SAME TALKER, DIFFERENT LANGUAGE: A REPLICATION

Verna Stockmal and Z. S. Bond
Department of Linguistics and Institute for Empirical Study of Language
Ohio University, Athens, OH
Stockmav@Ohio.edu Bond@Ohio.edu

ABSTRACT

When discriminating between spoken samples of unknown foreign languages, infants, young children and adult listeners are able to make same-language/different-language judgments at better than chance levels. Adults can even discriminate between languages when they are produced by the same bilingual talkers. That is, listeners are able to separate talker from language characteristics. One question raised by this investigation had to do with the familiarity of languages. The bilingual talkers who provided spoken language samples spoke a home language and a language they had learned as part of formal education such as French, German or Russian. It is possible that the listeners, American college students, had some familiarity with the school language and could distinguish it from the home language on this basis. In the current study, four bilingual talkers provided spoken samples of languages spoken in Africa which would be expected to be equally unfamiliar to American listeners. One of the languages spoken by all the talkers was Swahili; the other languages were Akan, Haya, Kikuyu, and Luhya. American listeners were asked to judge whether spoken paired samples were produced in the same language or in two different languages. Overall, listeners were able to identify languages as same or different at better than chance expectation.
 

1. INTRODUCTION

Infants [1, 2] young children [3] and adults [4, 5] are able to discriminate between spoken samples of foreign languages which they do not speak or understand. The research with infants in particular has suggested that they base discrimination judgments on prosodic patterns, such as the rhythmic structures [6] and pitch characteristics [7] of languages. Children and adults also employ prosodic information in discriminating between languages [8]. Listener judgments are also influenced by talker voice [9] and affect [10]. In fact, Esling and Wong [11] suggest that talkers show speech characteristics associated with geographic areas.

In some studies of language discrimination, different language samples have been provided by different talkers, confusing the contributions of talker-specific characteristics with language characteristics. In some cases, listeners are able to separate talker voice characteristics from language characteristics.
In a previous study, we obtained better than chance discrimination of language pairs produced by bilingual talkers [12]. Listeners were presented paired language samples produced by four bilingual male talkers and four bilingual female talkers.
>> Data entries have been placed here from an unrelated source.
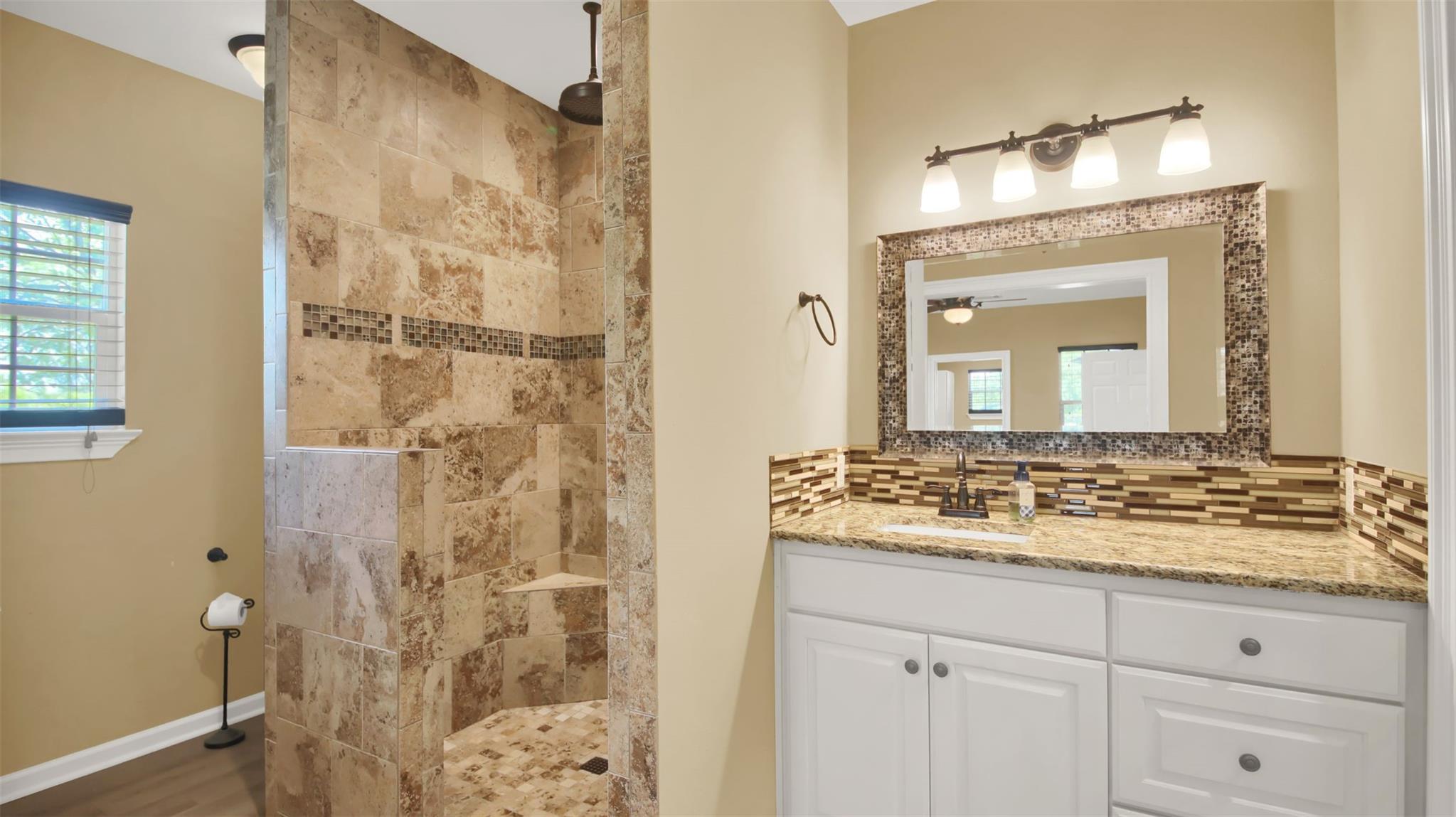 9610 Schmidt Ln Property Photo 26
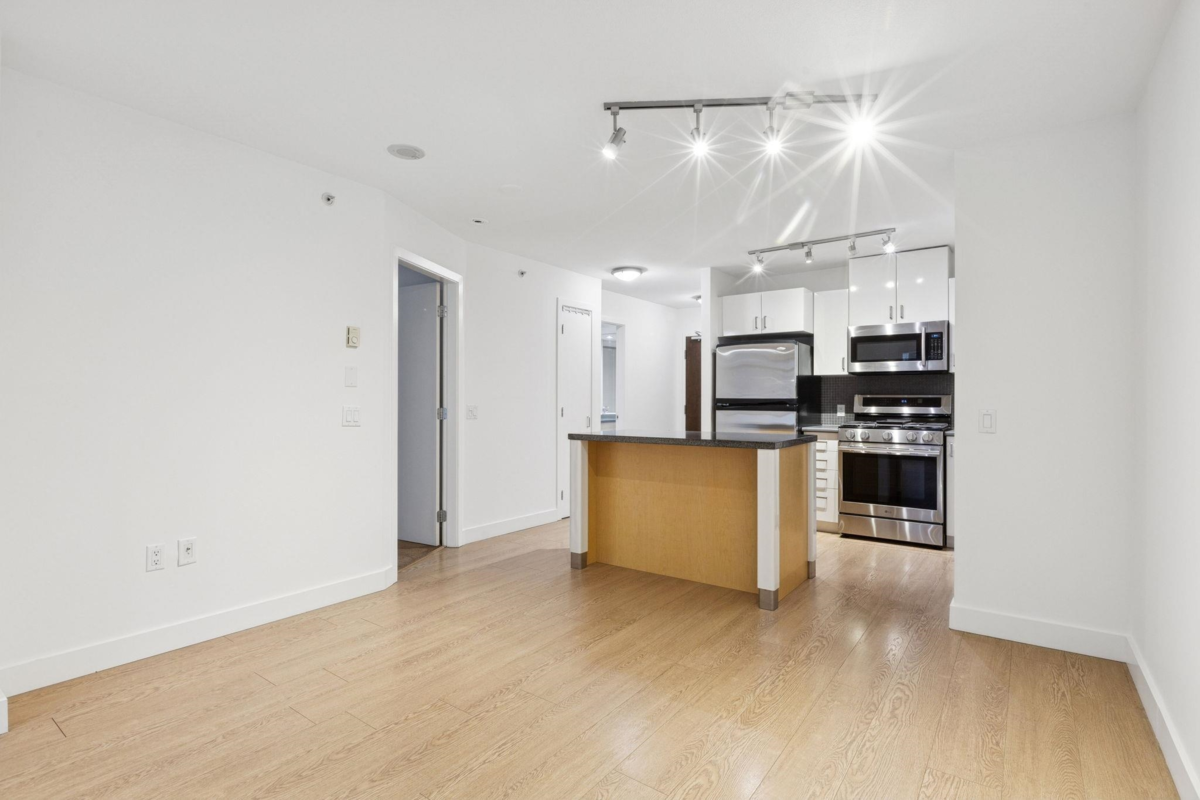 Kitchen Photo of 104 175 W 1st Street, North Vancouver, BC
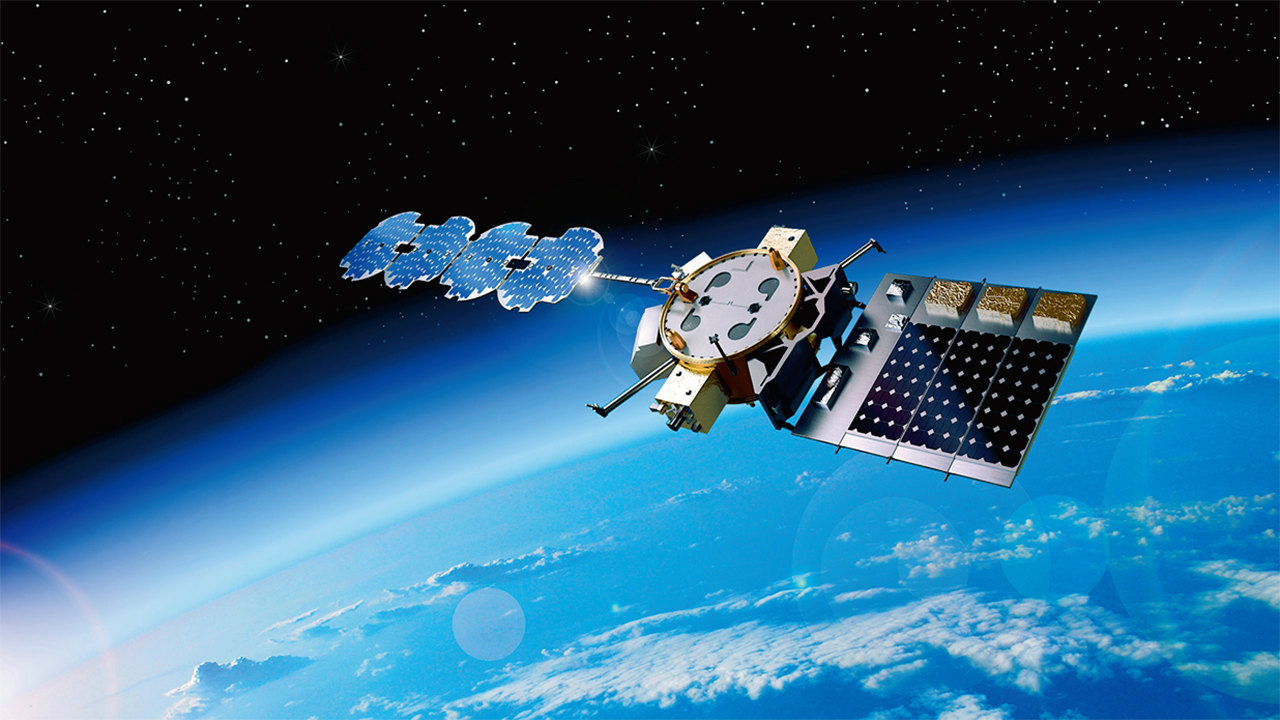 夢の「宇宙太陽光発電」が再起動、空から戦場に電力供給狙う米国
Listeners could not discriminate all of the language pairs with equal facility. For male talkers, the listeners discriminated between Arabic and French, Hebrew and German, Akan and Swahili, and Latvian and Russian. For female talkers, the listeners discriminated only between Korean and Japanese and Mbawa and French. Their ability to discriminate between Russian and Latvian was marginal and they could not discriminate between Ilocano and Tagalog at all.

Some of the languages presented for discrimination are better known than others. Listeners may have been using previous knowledge of the ‘sound’ or ‘acoustic signature’ of some languages. French and German are commonly studied in high schools. Hebrew, Russian and Japanese are also somewhat familiar to American listeners.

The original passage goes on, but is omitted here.